It sounds like your host has some sort of anti-DOS configuration setup and your customer is triggering it by opening many tabs simultaneously. I'm not surprised if a single tab accessing your system is opening several simultaneous HTTP sessions to download files in parallel - so if your customer has 10 tabs opening at once, as newer browsers offer to do, then it's not surprising to hear that your customer is opening 10 x several HTTP sessions to your server.
IE 8 opens up to 6 concurrent sessions to the same hostname.
If you have several hostnames set up as CNAMEs pointing to the same IP (some people like to set up, say, "images.example.com", "css.example.com" and "forums.example.com", all pointing to the same actual host), you may be making the problem worse by making it hard for IE to see that they are all the same machine - apparently the comparison is done by host NAME, not IP.
Your customer could probably reduce the likelihood of this occurring by using a different browser, using a local cache, modifying his IE installation to use fewer simultaneous sessions, or by not loading so many tabs at once.
You could ask your host to increase the number of allowable connections to your webserver, shrink the time window for detecting overusage, or whitelist your customer(s) if your customer(s) use predictable IP addresses.

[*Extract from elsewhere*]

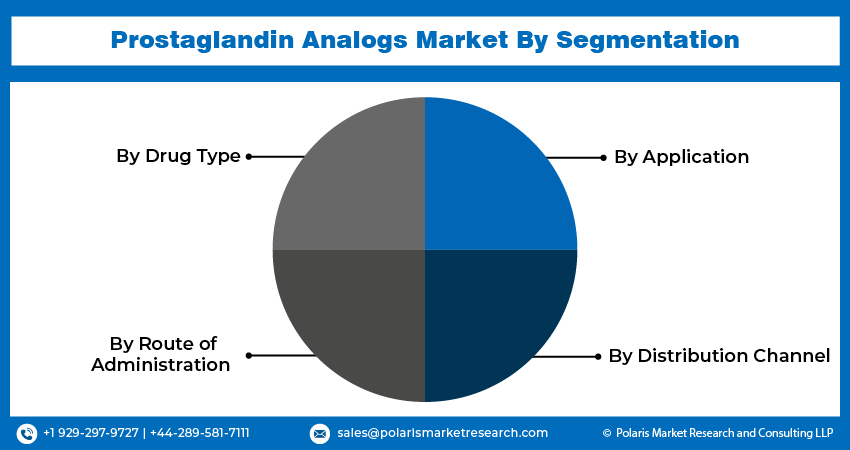 prostaglandin-analogs-market-segment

If your host's firewall is excluding based upon the number of simultaneous open connections, you might be able to improve the situation by making sure your configuration is optimized - e.g., minimizing unnecessary queries, looking at caching with varnish or some other sort of accelerator, turning on compression, making sure you're allowing HTTP persistent connections.
This sounds like a tough problem to solve if you can't control the system making the connections or the system limiting the connections.